• **Description of the task**
Print all of the data below exactly as it appears, leaving out every image.

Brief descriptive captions
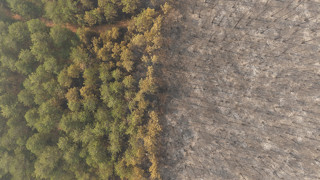 ''Yeşil Bursa'''yı karanlık bir cehenneme çeviren yangının boyutu ortaya çıktı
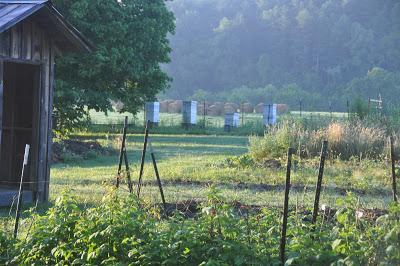 More Postcards . . .Sunrise in the Folk School Garden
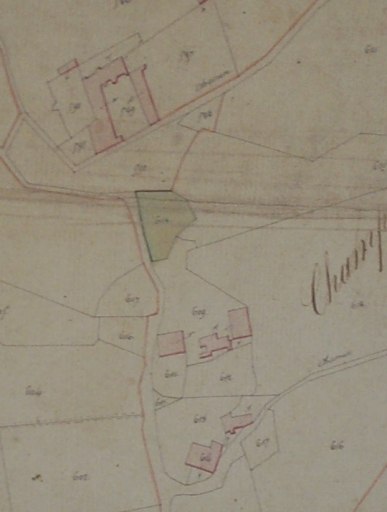 Extrait du plan cadastral de 1825. Château de Fayolle, étang et dépendances.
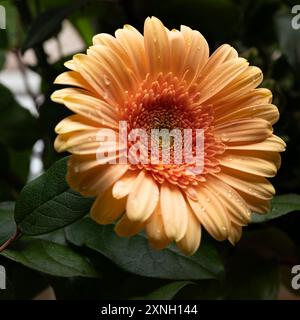 Gerbera Jamesonii blüht in einem Makrofoto auf einem dunkleren Hintergrund Stockfoto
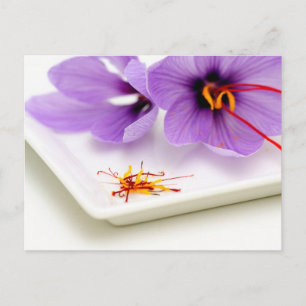 Cartão Postal Flores Saffron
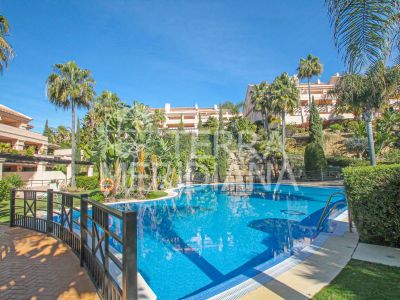 Apartment in Nueva Andalucia, Marbella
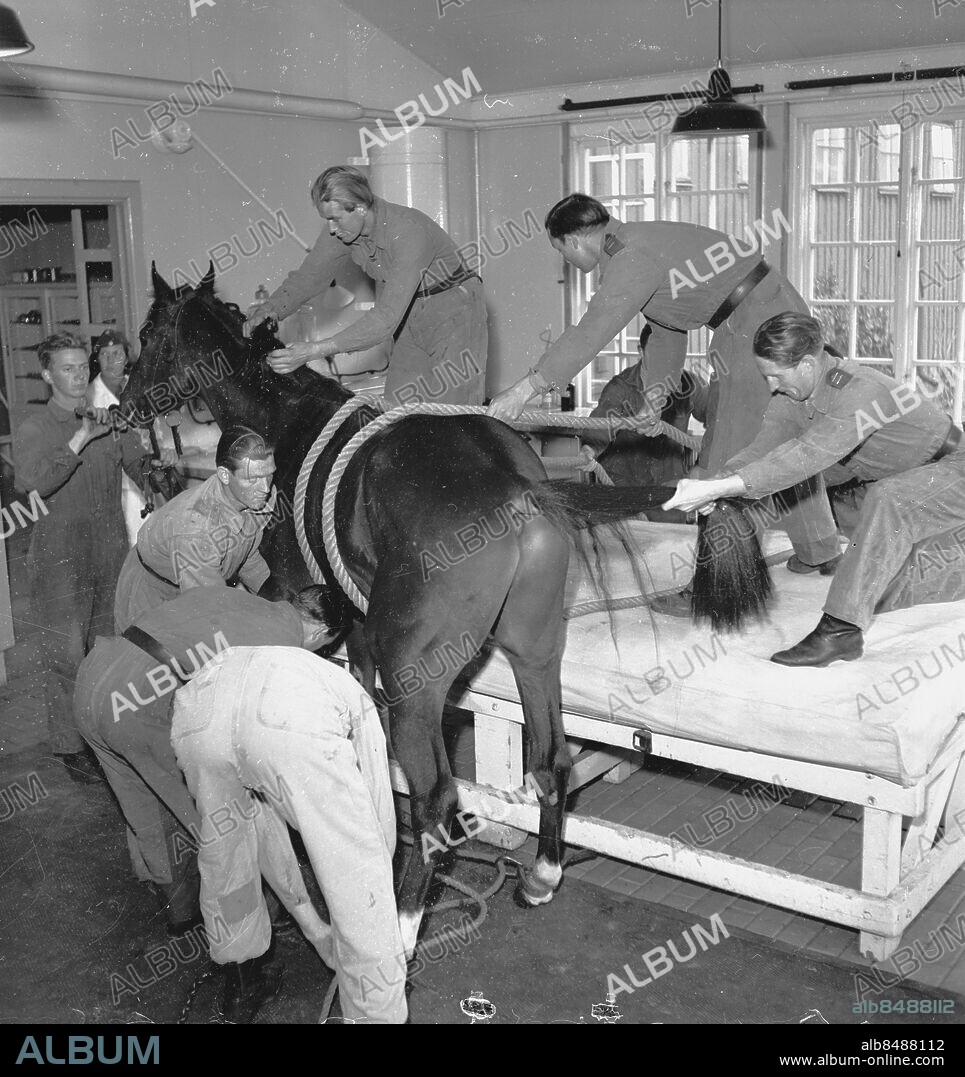Blå Stjärnan på Kviberg. Veterinärer tar hand om häst. *** Local Caption *** . KAMERAREPORTAGE.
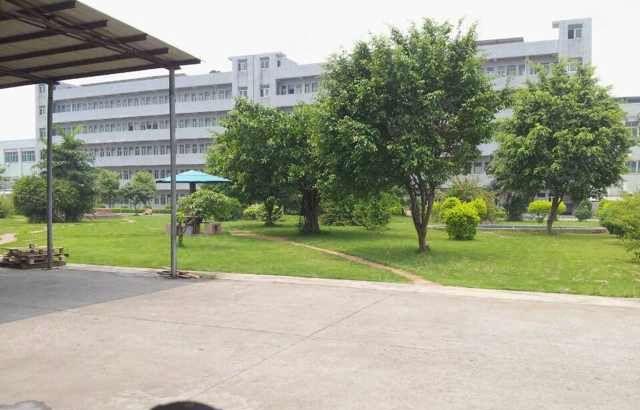 东莞横沥花园式独院厂房可按需分租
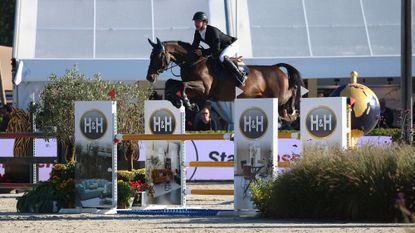 A horse clears a large oxer at the Lanaken World Breeding Championships for five-year-old horses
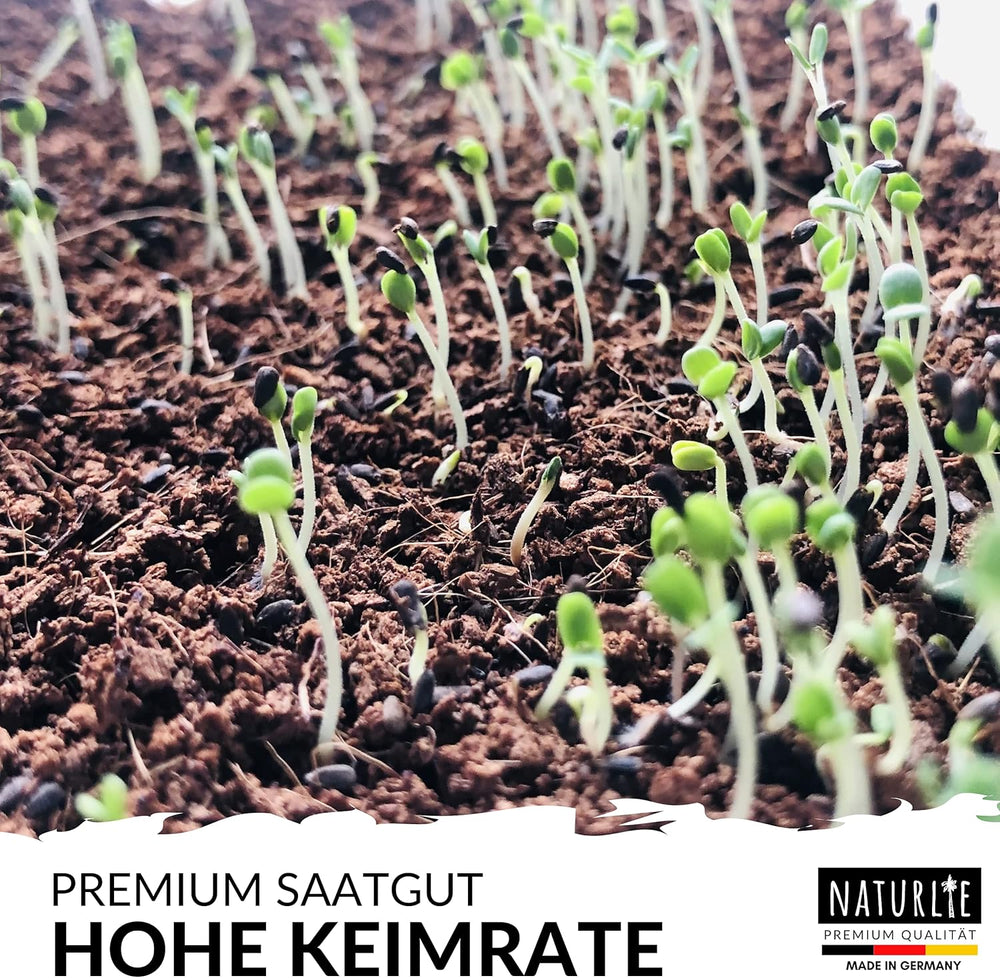 20Er Gemüse Samen Set Von , 20 Sorten Premium Gemüse Saatgut Im Gemüseset Für Den Anbau Im Garten, Hochbeet Oder Balkon - XXL Gemüsesamen Sortiment - Samenfestes Saatgut!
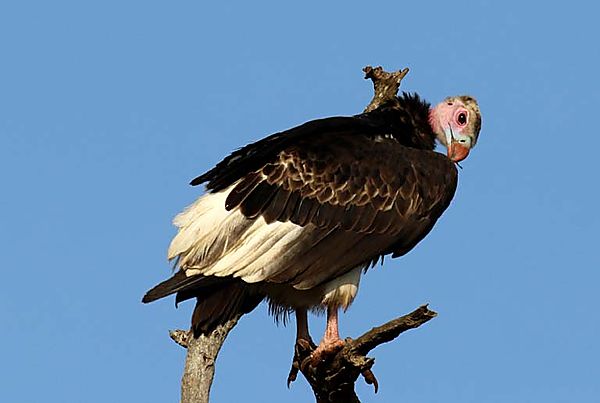 White headed Vulture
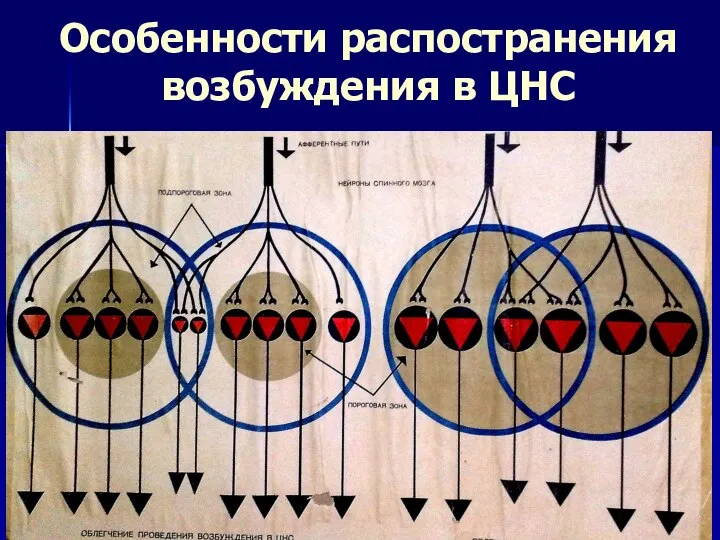 Особенности распостранения возбуждения в ЦНС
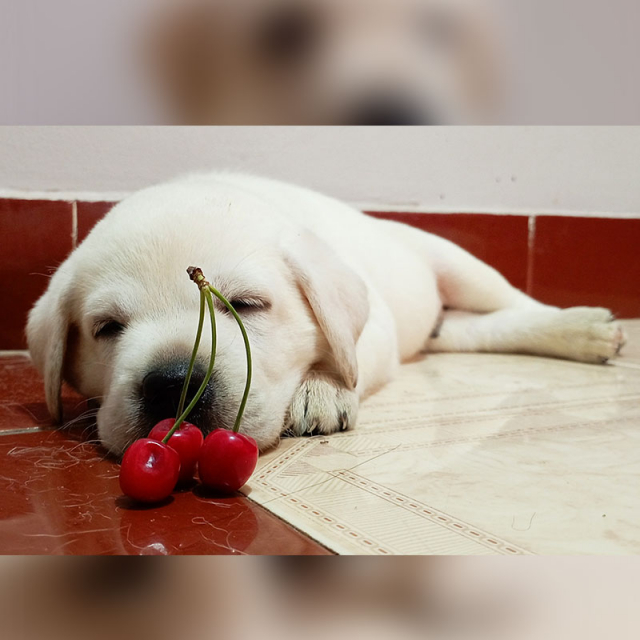 Labrador Retriever Puppies For Sale in Erode, Tamil Nadu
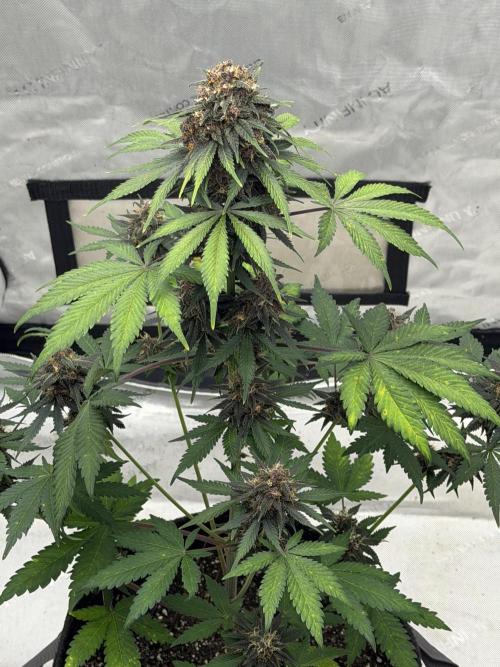BlackBerry Auto - Fast Buds. Week 8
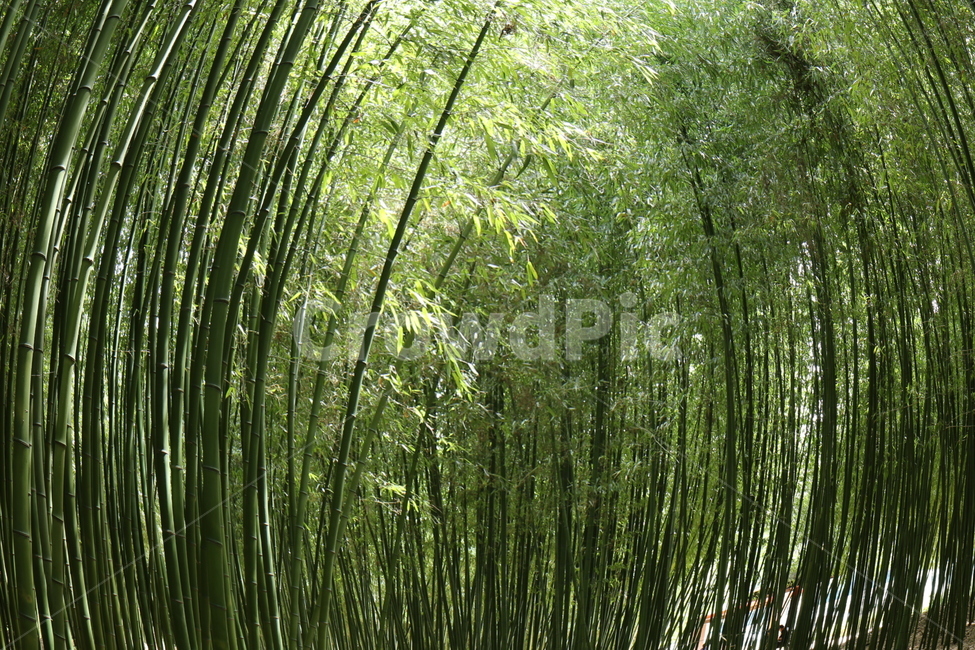 plant,식물,가을,대나무,산책,자연,풍경,nature,landscape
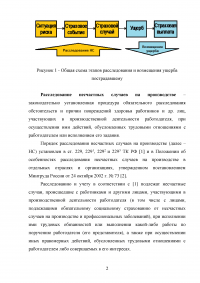 Безопасность жизнедеятельности, 3 ситуационные задачи: Несчастный случай на производстве; Причинно-следственная связь несчастного случая; Расчет освещения помещения. Образец 51540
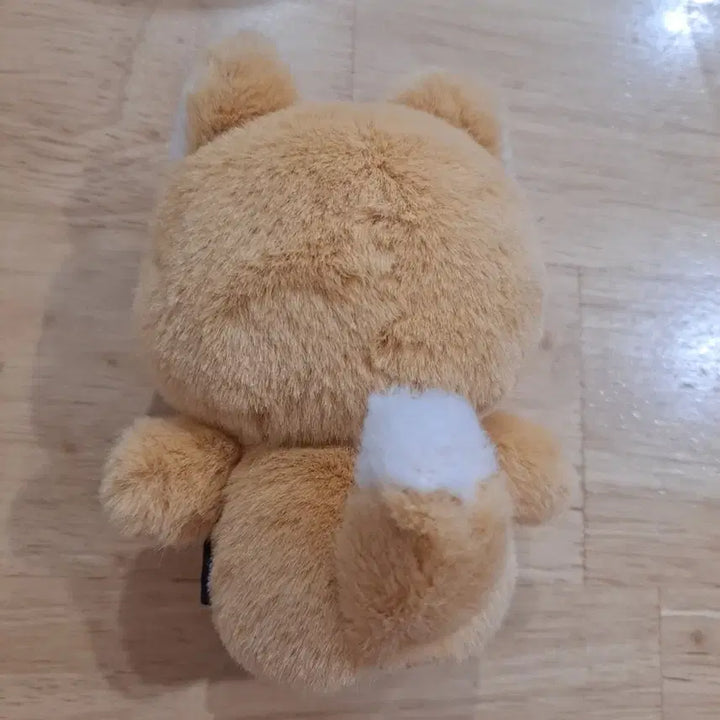 [BUNJANG] Day6 Petit Merz Finger Puppet / 데이식스 쁘띠멀즈 핑거 퍼펫 케 쁘멀 데멀
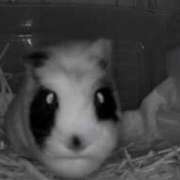 ヒメ日記 2026/07/12 20:10 投稿 水越 BBW横浜店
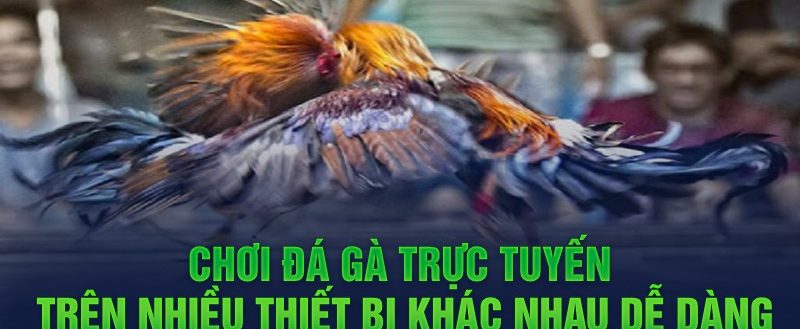 Chơi đá gà trực tuyến trên nhiều thiết bị khác nhau dễ dàng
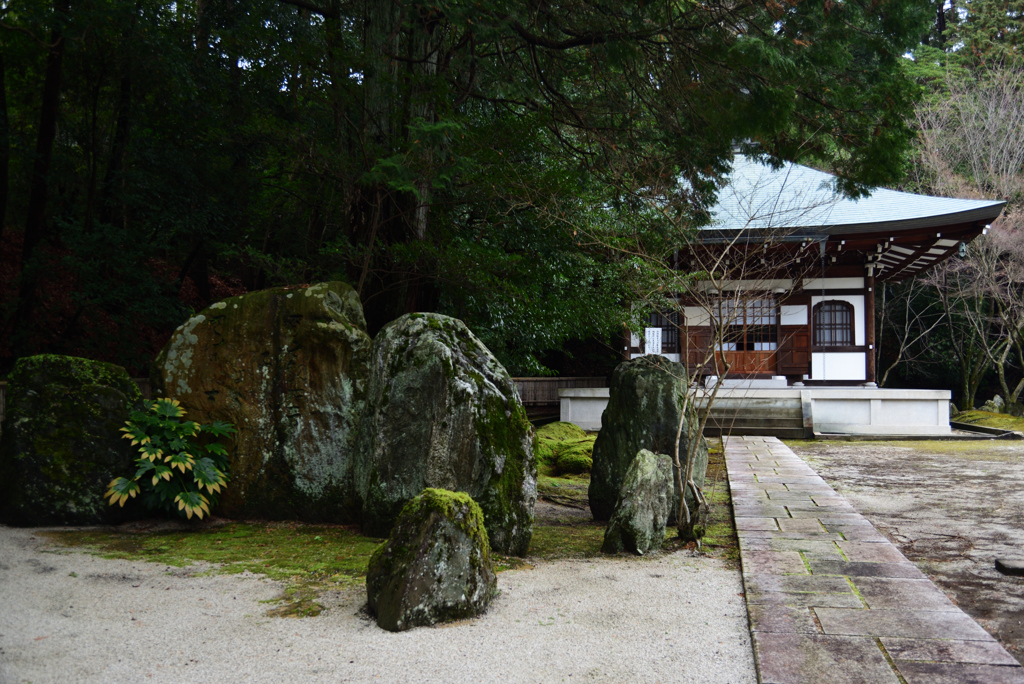 200124b泉涌寺26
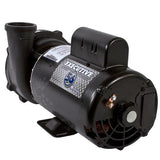 WATERWAY EXECUTIVE PUMP 56F 4HP 2 SPEED 2"/2"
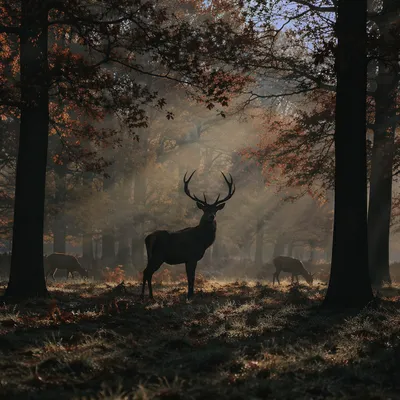 Morning Stag in Misty Autumn Forest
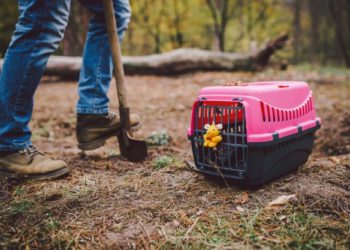 Le speculazioni dietro un funerale di un animale domestico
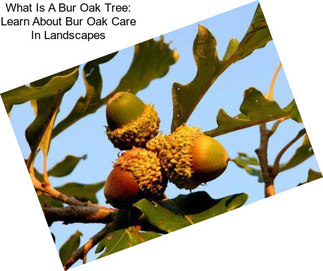 What Is A Bur Oak Tree: Learn About Bur Oak Care In Landscapes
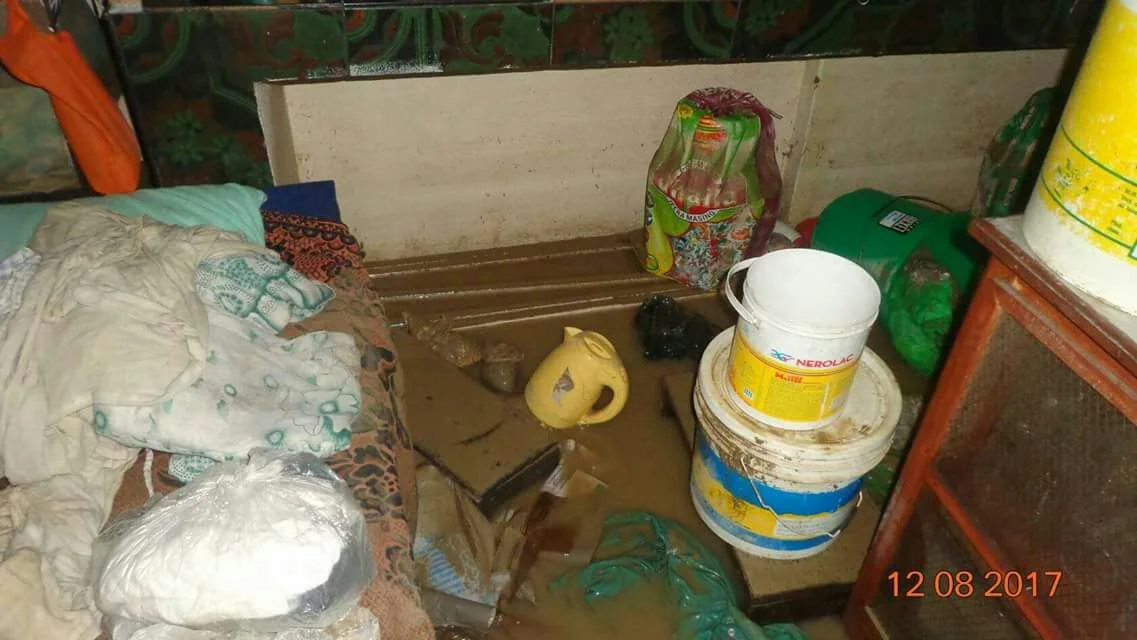 WhatsApp Image 2017-08-20 ate 19.53.54.jpeg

• **The completed task**
 ''Yeşil Bursa'''yı karanlık bir cehenneme çeviren yangının boyutu ortaya çıktı
 More Postcards . . .Sunrise in the Folk School Garden
 Extrait du plan cadastral de 1825. Château de Fayolle, étang et dépendances.
 Gerbera Jamesonii blüht in einem Makrofoto auf einem dunkleren Hintergrund Stockfoto
 Cartão Postal Flores Saffron
 Apartment in Nueva Andalucia, Marbella
Blå Stjärnan på Kviberg. Veterinärer tar hand om häst. *** Local Caption *** . KAMERAREPORTAGE.
 东莞横沥花园式独院厂房可按需分租
 A horse clears a large oxer at the Lanaken World Breeding Championships for five-year-old horses
 20Er Gemüse Samen Set Von , 20 Sorten Premium Gemüse Saatgut Im Gemüseset Für Den Anbau Im Garten, Hochbeet Oder Balkon - XXL Gemüsesamen Sortiment - Samenfestes Saatgut!
 White headed Vulture
 Особенности распостранения возбуждения в ЦНС
 Labrador Retriever Puppies For Sale in Erode, Tamil Nadu
BlackBerry Auto - Fast Buds. Week 8
 plant,식물,가을,대나무,산책,자연,풍경,nature,landscape
 Безопасность жизнедеятельности, 3 ситуационные задачи: Несчастный случай на производстве; Причинно-следственная связь несчастного случая; Расчет освещения помещения. Образец 51540
 [BUNJANG] Day6 Petit Merz Finger Puppet / 데이식스 쁘띠멀즈 핑거 퍼펫 케 쁘멀 데멀
 ヒメ日記 2026/07/12 20:10 投稿 水越 BBW横浜店
 Chơi đá gà trực tuyến trên nhiều thiết bị khác nhau dễ dàng
 200124b泉涌寺26
 WATERWAY EXECUTIVE PUMP 56F 4HP 2 SPEED 2"/2"
 Morning Stag in Misty Autumn Forest
 Le speculazioni dietro un funerale di un animale domestico
 What Is A Bur Oak Tree: Learn About Bur Oak Care In Landscapes
 WhatsApp Image 2017-08-20 ate 19.53.54.jpeg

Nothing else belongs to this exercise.